**PROVIDED MATERIAL:**
*** Begin section ***
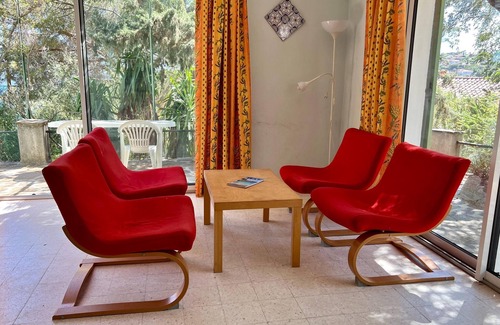 Le Lavandou Cottage | Cottage in St. Clair near Sandy Beach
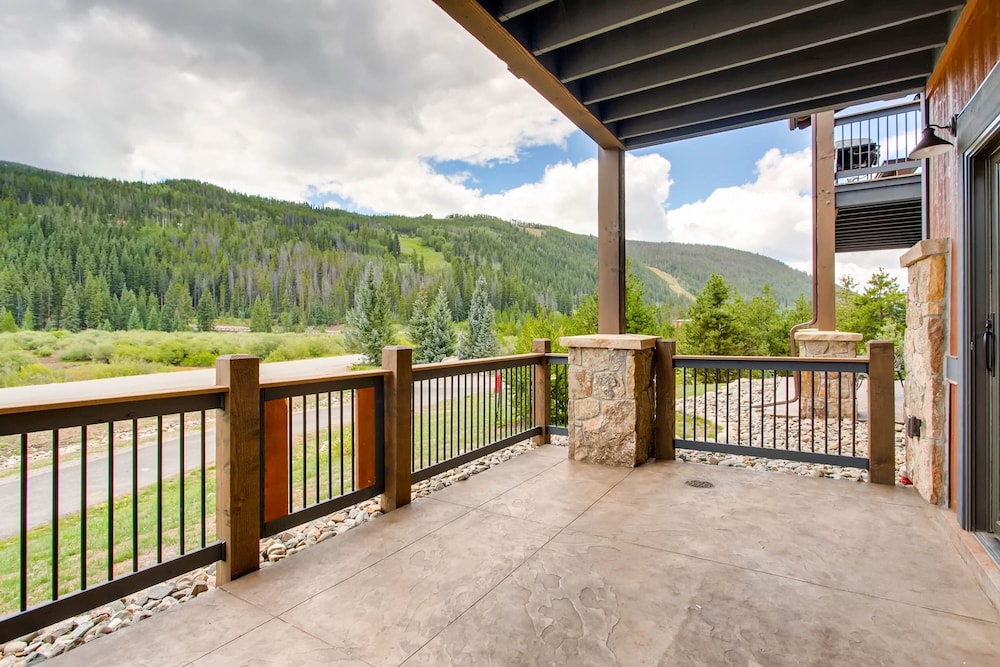New 3bdr Luxury /sleeps 10 W Fireplace & Mountain Views 3 Bedroom Townhouse by RedAwning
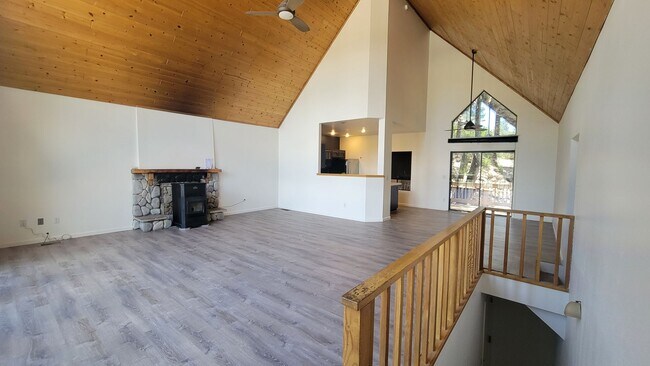 Building Photo - Inviting Mountain Home - 3 Bedroom 2 Car G...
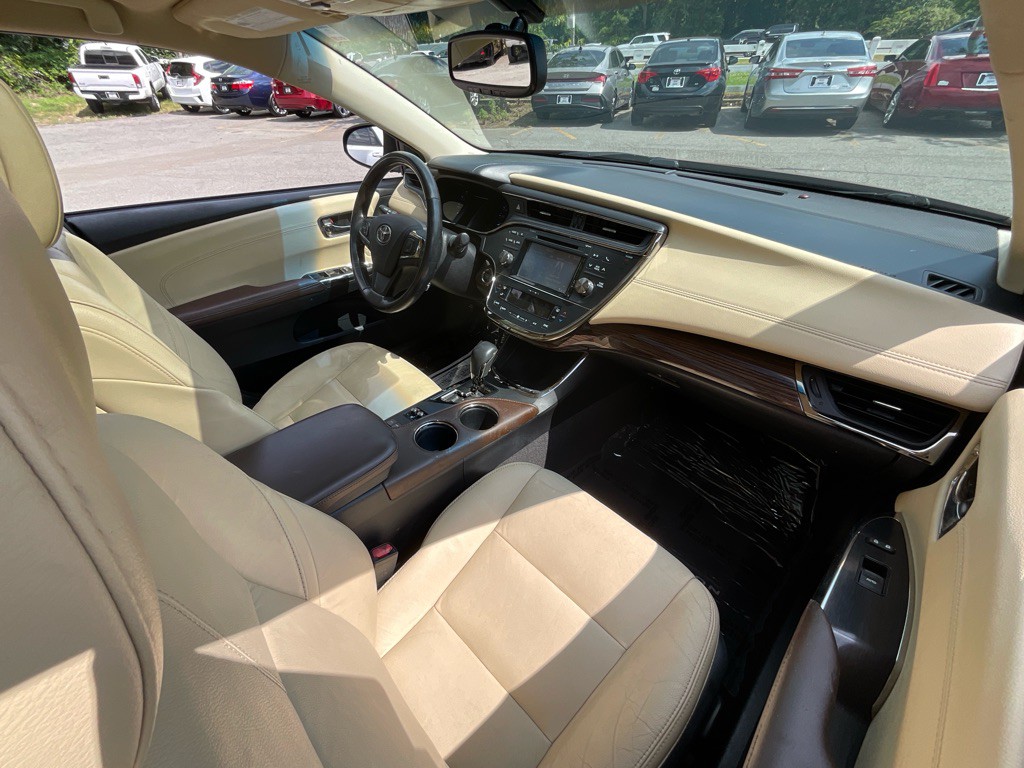 2015 Toyota Avalon Image 18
*** End section ***
**REQUIRED WORK:**
Return each line of the material exactly as written; exclude the pictures.

**FINAL ANSWER:**
 Le Lavandou Cottage | Cottage in St. Clair near Sandy Beach
New 3bdr Luxury /sleeps 10 W Fireplace & Mountain Views 3 Bedroom Townhouse by RedAwning
 Building Photo - Inviting Mountain Home - 3 Bedroom 2 Car G...
 2015 Toyota Avalon Image 18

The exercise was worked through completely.